MATERIALS PROVIDED:
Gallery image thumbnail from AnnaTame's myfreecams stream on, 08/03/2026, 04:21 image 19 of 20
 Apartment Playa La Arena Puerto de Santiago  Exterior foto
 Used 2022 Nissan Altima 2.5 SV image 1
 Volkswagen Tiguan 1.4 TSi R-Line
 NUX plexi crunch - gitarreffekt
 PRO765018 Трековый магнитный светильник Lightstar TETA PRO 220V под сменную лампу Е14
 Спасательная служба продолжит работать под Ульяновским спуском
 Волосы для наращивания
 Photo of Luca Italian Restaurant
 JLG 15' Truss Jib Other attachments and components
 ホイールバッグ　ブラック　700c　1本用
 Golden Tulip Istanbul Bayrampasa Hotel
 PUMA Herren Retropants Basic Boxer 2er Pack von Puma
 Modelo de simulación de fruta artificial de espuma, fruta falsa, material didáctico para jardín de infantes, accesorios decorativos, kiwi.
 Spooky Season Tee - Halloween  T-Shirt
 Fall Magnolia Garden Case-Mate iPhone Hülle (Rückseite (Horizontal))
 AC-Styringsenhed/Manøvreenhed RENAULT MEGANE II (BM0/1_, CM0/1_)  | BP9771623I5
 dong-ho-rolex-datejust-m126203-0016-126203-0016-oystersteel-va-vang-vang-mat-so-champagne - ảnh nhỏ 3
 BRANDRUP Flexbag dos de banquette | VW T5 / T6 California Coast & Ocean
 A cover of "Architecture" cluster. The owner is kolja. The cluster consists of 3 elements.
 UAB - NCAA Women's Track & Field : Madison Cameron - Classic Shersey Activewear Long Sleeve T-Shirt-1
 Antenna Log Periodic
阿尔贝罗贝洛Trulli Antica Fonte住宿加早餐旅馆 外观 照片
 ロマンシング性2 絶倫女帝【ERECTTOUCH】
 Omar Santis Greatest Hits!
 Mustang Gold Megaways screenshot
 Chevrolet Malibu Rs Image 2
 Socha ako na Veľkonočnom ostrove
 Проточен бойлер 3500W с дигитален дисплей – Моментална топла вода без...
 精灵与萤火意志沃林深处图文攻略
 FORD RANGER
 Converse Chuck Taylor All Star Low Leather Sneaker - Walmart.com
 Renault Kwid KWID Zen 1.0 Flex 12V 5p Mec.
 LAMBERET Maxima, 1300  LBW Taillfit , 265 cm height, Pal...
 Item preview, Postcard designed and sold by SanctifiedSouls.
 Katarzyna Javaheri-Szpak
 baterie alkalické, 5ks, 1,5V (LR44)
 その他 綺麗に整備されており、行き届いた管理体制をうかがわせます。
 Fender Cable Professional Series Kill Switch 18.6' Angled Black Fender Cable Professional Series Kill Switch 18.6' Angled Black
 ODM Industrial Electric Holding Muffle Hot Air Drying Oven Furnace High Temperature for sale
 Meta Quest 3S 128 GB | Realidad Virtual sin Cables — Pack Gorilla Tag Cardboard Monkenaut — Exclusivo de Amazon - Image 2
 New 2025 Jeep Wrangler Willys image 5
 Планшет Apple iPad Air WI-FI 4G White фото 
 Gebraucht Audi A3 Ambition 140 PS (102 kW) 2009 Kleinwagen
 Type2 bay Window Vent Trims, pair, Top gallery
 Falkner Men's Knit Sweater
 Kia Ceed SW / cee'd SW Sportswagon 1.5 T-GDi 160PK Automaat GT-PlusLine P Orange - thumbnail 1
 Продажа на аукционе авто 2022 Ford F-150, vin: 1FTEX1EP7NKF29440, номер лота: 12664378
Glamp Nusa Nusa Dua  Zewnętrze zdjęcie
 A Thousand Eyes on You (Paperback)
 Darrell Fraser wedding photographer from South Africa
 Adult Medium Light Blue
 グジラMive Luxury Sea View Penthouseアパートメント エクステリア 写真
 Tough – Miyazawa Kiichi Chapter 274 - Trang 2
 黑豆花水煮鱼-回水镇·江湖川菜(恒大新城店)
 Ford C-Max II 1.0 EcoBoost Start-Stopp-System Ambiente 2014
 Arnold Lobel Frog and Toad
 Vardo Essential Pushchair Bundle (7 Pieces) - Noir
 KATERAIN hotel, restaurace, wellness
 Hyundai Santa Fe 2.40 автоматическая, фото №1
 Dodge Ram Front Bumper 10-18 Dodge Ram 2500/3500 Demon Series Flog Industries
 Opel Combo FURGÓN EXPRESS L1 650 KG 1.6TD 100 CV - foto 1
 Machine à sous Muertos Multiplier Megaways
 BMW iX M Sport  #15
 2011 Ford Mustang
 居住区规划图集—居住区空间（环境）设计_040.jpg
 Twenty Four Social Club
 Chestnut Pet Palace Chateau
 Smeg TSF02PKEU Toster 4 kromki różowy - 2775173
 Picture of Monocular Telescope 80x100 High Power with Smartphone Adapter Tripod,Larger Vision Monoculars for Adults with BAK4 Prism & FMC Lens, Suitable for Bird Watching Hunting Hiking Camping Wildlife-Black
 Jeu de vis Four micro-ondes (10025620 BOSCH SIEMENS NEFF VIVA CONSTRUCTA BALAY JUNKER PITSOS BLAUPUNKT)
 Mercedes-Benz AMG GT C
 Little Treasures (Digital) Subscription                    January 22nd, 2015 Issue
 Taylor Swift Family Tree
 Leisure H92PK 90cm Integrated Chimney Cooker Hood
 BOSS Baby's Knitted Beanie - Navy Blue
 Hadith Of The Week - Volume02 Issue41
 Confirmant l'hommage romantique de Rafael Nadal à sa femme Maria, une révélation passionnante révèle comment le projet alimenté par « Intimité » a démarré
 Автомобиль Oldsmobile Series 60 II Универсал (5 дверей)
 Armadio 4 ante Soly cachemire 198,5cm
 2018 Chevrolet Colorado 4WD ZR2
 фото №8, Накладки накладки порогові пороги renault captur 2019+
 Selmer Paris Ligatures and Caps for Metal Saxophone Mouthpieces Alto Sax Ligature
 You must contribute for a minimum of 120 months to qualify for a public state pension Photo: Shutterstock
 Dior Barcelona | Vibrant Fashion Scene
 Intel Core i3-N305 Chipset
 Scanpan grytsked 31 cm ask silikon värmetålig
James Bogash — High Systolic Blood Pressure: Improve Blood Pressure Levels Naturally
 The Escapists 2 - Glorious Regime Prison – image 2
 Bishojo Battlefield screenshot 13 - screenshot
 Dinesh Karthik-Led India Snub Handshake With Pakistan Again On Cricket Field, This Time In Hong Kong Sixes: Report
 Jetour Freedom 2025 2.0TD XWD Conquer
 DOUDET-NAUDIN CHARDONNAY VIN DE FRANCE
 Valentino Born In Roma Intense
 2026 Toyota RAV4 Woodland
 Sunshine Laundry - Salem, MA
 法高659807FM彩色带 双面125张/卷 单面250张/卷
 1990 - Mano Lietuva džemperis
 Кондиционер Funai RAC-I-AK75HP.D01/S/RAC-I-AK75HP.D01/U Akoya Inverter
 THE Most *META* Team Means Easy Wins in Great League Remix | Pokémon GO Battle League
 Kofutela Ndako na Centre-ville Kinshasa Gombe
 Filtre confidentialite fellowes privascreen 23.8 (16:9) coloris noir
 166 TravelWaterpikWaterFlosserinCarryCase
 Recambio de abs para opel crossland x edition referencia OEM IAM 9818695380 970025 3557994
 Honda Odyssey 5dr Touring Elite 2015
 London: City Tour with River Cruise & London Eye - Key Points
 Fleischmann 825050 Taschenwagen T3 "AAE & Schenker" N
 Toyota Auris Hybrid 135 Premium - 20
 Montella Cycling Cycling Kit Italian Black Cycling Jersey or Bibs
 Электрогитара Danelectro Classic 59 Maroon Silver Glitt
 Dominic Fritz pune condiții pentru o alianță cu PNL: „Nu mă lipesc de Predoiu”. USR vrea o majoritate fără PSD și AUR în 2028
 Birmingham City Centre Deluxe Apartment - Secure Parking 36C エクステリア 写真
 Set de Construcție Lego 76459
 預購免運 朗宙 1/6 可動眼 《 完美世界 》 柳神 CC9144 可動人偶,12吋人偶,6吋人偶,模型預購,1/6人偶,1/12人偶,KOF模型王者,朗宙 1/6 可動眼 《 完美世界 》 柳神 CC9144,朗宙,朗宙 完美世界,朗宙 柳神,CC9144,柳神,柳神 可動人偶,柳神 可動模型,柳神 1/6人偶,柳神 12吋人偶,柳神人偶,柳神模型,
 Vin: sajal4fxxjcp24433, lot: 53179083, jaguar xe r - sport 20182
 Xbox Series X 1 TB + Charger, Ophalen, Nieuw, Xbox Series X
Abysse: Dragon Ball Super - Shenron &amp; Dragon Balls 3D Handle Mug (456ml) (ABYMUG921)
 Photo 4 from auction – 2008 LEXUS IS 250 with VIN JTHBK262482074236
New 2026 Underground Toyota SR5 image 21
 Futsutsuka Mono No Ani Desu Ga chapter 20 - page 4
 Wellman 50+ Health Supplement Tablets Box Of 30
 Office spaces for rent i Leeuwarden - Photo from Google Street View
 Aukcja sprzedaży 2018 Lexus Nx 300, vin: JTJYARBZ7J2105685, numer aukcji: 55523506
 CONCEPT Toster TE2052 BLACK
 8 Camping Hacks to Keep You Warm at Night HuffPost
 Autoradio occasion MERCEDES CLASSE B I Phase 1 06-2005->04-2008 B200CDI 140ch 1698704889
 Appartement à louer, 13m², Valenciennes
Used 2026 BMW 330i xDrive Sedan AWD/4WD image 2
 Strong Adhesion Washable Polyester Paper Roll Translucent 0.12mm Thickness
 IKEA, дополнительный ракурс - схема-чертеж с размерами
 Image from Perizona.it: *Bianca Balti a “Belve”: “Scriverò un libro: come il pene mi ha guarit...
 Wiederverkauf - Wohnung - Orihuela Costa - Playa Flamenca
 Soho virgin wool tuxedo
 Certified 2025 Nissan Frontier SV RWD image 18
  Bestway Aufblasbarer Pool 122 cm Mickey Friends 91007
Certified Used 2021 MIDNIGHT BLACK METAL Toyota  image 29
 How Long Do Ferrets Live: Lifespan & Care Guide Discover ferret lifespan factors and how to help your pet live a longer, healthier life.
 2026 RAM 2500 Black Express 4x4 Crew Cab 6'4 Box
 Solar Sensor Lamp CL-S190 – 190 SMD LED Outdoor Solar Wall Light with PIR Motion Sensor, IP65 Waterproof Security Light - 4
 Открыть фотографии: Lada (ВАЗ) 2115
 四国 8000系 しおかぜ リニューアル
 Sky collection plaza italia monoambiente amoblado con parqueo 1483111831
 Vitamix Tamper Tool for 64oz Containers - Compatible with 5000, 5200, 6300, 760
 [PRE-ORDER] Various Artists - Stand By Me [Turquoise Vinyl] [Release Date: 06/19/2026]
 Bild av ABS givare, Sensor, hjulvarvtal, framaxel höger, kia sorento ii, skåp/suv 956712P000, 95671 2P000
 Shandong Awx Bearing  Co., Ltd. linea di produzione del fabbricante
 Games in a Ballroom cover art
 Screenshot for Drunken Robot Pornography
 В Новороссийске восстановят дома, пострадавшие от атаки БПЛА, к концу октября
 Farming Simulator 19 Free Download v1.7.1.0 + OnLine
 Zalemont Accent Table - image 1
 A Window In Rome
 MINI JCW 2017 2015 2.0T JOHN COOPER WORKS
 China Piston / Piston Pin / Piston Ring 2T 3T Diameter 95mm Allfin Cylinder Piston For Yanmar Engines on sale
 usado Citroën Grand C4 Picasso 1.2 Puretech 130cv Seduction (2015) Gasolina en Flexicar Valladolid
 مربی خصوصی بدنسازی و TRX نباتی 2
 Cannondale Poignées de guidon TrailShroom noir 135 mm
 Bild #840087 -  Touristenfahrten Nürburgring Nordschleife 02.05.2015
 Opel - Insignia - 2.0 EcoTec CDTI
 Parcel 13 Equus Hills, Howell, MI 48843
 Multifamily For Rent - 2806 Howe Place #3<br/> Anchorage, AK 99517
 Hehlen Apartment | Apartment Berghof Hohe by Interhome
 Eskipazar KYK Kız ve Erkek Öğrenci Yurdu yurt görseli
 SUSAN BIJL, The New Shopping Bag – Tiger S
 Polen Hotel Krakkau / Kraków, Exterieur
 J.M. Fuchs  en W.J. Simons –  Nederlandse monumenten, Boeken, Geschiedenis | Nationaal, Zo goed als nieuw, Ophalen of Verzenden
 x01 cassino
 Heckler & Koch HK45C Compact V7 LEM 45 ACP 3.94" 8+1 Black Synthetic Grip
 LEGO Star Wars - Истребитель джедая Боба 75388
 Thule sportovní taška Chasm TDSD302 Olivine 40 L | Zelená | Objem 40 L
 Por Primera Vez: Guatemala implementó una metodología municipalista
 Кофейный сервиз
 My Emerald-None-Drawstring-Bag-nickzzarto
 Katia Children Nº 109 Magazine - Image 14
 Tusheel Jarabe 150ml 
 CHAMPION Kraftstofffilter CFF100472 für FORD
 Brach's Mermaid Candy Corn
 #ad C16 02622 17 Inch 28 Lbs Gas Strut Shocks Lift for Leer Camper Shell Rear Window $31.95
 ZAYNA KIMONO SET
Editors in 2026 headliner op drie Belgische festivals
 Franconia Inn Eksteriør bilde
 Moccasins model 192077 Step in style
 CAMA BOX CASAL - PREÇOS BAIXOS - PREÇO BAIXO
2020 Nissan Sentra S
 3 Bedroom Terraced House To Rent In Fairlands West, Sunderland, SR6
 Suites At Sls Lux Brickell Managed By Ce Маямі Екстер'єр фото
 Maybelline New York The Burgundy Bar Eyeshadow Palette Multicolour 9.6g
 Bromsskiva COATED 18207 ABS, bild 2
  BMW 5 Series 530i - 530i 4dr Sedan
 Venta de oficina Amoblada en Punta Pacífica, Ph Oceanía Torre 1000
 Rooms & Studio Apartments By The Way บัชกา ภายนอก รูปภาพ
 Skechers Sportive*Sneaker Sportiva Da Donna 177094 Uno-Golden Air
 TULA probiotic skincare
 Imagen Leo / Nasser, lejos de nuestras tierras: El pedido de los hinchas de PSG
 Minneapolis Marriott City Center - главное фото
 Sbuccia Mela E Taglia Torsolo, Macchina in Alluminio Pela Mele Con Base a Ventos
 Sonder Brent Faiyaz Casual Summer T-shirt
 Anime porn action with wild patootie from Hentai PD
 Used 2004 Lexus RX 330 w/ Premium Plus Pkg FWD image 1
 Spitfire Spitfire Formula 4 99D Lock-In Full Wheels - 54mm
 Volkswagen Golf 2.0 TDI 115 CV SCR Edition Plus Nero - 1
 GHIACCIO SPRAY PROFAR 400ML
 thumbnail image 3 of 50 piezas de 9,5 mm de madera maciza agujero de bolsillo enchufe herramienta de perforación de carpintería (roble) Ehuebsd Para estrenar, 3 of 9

PROBLEM TO SOLVE: Copy verbatim, from the listing above, each line from the one containing "Office spaces for" down to the one containing "2026 RAM 2500", inclusive.

ANSWER SECTION:
 Office spaces for rent i Leeuwarden - Photo from Google Street View
 Aukcja sprzedaży 2018 Lexus Nx 300, vin: JTJYARBZ7J2105685, numer aukcji: 55523506
 CONCEPT Toster TE2052 BLACK
 8 Camping Hacks to Keep You Warm at Night HuffPost
 Autoradio occasion MERCEDES CLASSE B I Phase 1 06-2005->04-2008 B200CDI 140ch 1698704889
 Appartement à louer, 13m², Valenciennes
Used 2026 BMW 330i xDrive Sedan AWD/4WD image 2
 Strong Adhesion Washable Polyester Paper Roll Translucent 0.12mm Thickness
 IKEA, дополнительный ракурс - схема-чертеж с размерами
 Image from Perizona.it: *Bianca Balti a “Belve”: “Scriverò un libro: come il pene mi ha guarit...
 Wiederverkauf - Wohnung - Orihuela Costa - Playa Flamenca
 Soho virgin wool tuxedo
 Certified 2025 Nissan Frontier SV RWD image 18
  Bestway Aufblasbarer Pool 122 cm Mickey Friends 91007
Certified Used 2021 MIDNIGHT BLACK METAL Toyota  image 29
 How Long Do Ferrets Live: Lifespan & Care Guide Discover ferret lifespan factors and how to help your pet live a longer, healthier life.
 2026 RAM 2500 Black Express 4x4 Crew Cab 6'4 Box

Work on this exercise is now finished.